2006-02-17, 10:40 pm

OS: solaris
shell: bash

I have a UNIX shell script which appends new text to a file. Multiple
instances of this program may run concurrently, hence there is a
possiblity that 2 or more instances (say S1 and S2) of this shell
script will be modifying the file at the same time.


I want to make sure that S1 can finish appending it's changes to the
file, before S2 starts to append its changes.

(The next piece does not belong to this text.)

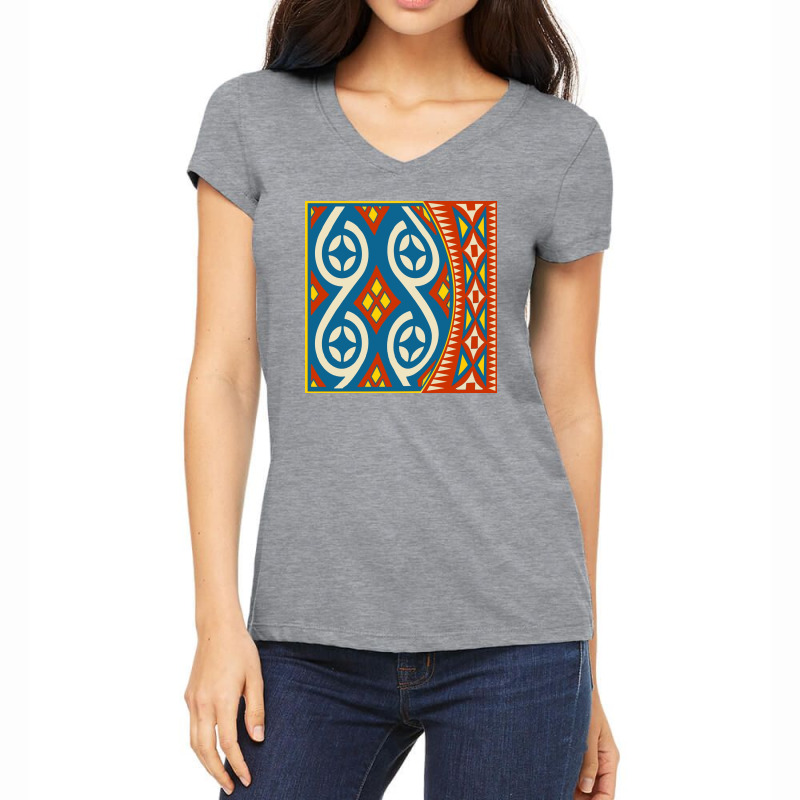 Retro Neo Toraja Motif Women's V-Neck T-Shirt by angitouch | Artistshot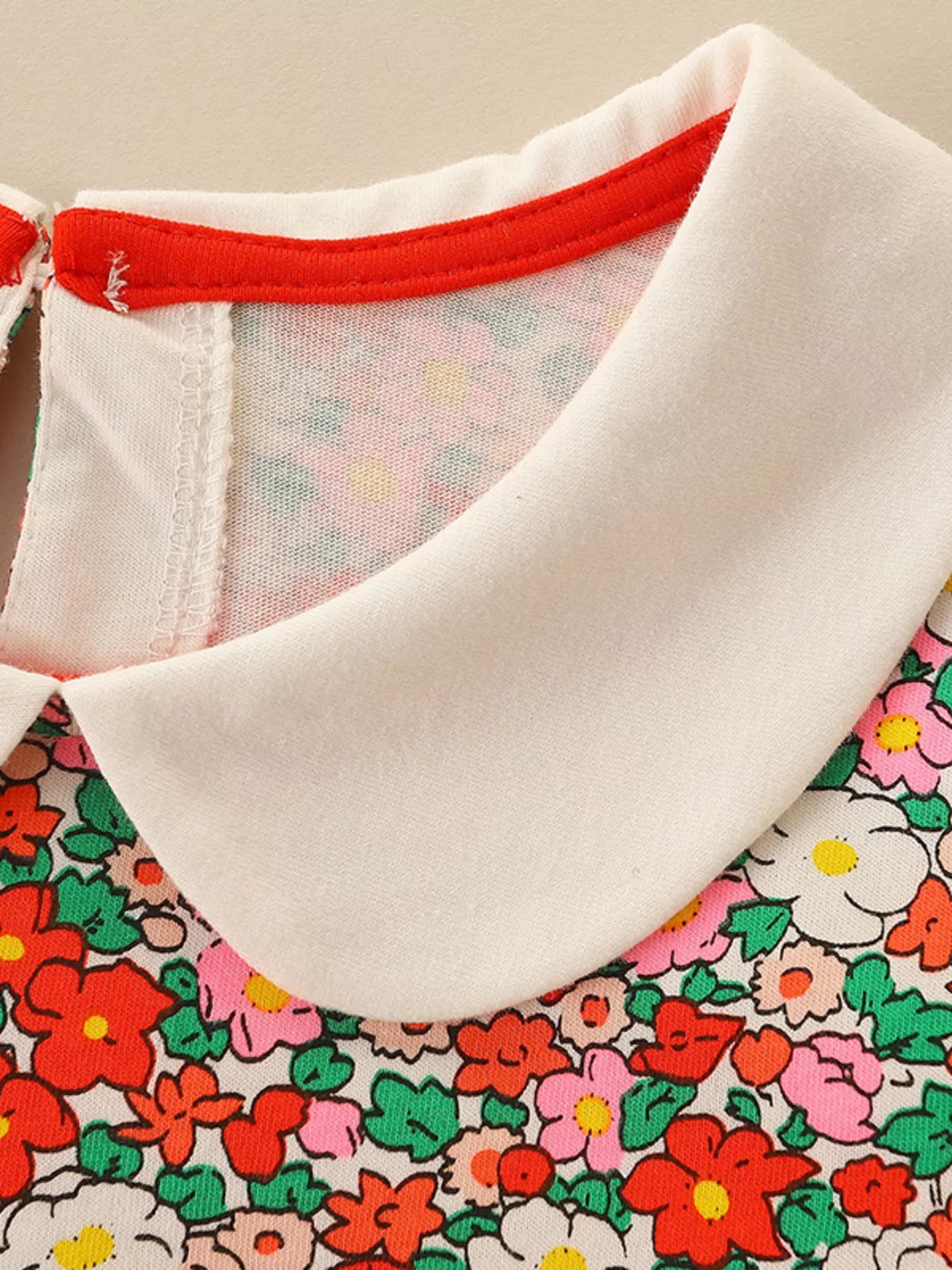 Children's Floral Print Long Sleeve Peter Pan Collar Dress - PBNJ FASHIONS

How do I handle this concurrently update issue so that the changes made



by S1 and S2 are not interpersed with each other's?

John Smith

2006-02-17, 10:40 pm

Chris wrote:
Some possibilities:

--Use the presence of another file in the filesystem as a lock.
if i use a lockfile, i can only restrict access to the file by
terminating the S2. How do I make S2 "busy-wait" for S1 to finish such
that S1 and S2 are serialized?

--Have them both write to a daemon that serializes the file contents.
--Change the design so they don't touch the same file.

Pascal Bourguignon

2006-02-17, 10:40 pm

"John Smith" <wleung7@gmail.com> writes:

> Chris wrote:
> Some possibilities:
>
> --Use the presence of another file in the filesystem as a lock.
> if i use a lockfile, i can only restrict access to the file by
> terminating the S2. How do I make S2 "busy-wait" for S1 to finish such
> that S1 and S2 are serialized?


This is done automatically by the lock syscall.

From the shell, you'd use a tool that'd call it.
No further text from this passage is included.